The problem with perpetual licenses is that it encouraged software users to hold onto their

software for as long as possible.

leaving many organizations with out-of-date software while also reducing sales for software vendors.

As cloud software has become more popular, it presented an opportunity for

software vendors to change how their software was licensed,

moving from “pay only once” perpetual licenses to paying monthly or annually via a subscription.

Cloud subscriptions are generally much cheaper up front;

however this does not mean they are necessarily cheaper over the long term.

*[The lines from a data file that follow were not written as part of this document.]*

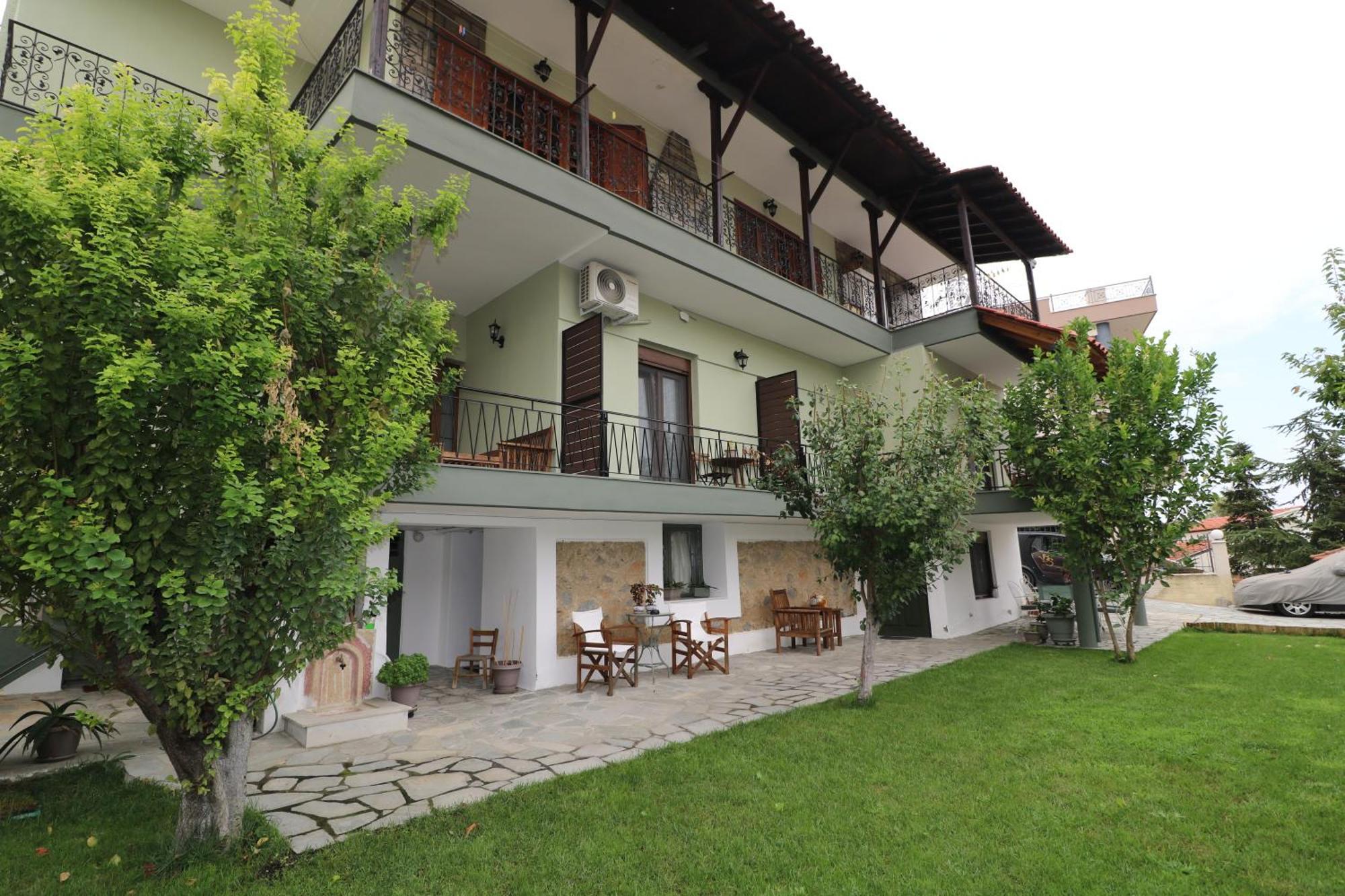Casa Di Famiglia Apartment Солун Екстериор снимка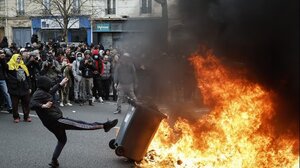 Γαλλία: Nέες συγκρούσεις στην πορεία διαδηλωτών στο Παρίσι κατά της συνταξιοδοτικής μεταρρύθμισης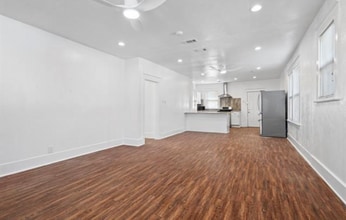 719 S Montreal Ave in Dallas, TX - Building Photo - Building Photo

Below are the main differences between cloud and perpetual software

licenses that you should consider when making your purchasing decision.

 

      • Cloud products make it easier to be compliant. Since cloud is a subscription i.e. SaaS (Software-as-a-Service), you can only use it when you pay for it. Due to this licensing nature, you only receive the intended product: no more, no less. This, unlike perpetually licensed software, which can often be installed easily and harder to track and manage.

       

      • Cloud software is updated frequently. This is both good and bad. On the plus side it means you have the peace of mind that you are always using the latest version of the software. On the negative side the regular downloading and installation of updates can be disruptive to your workflow (since they often take place at the start of the working day), the software UX can change without warning and new bugs might be introduced.

       

      • Cloud is easier to control and manage. A software dashboard generally gives good visibility of your account, including how many licenses you have, installations etc. (although some dashboards are better than others). However, because it is so easy to deploy more software, many customers find themselves “over-licensed” by overpaying for suites they don’t necessarily

       

      • Cloud is considered Opex, perpetual is Capex, so there are financial considerations when choosing between them. This will affect your tax and accounting positions, as well as the Total Cost of Ownership of the software itself.

       

      • Perpetual licensing is considered “old school” and obsolete. This does not necessarily mean it is the wrong license for you. While some vendors have moved entirely to cloud licensing, many others still offer a choice between cloud and perpetual licenses. You need to weigh up the options for your organization and not simply choose cloud every time just because it’s the latest thing.

       

      • Beware “hidden” costs of cloud software. Aside from the risk of being over-licensed, there are many hidden costs such as increased network load, volume, traffic etc. that are more difficult to quantify.

 

There are many more items to think about, but these are the main considerations

when choosing between cloud and perpetual software licenses.

However, as with everything in business,

you should seek professional advice to ensure you make the right choice for your business.

Bottom line: One is not better than the other.

Sometimes there is a good reason to use both types of licenses in your organization.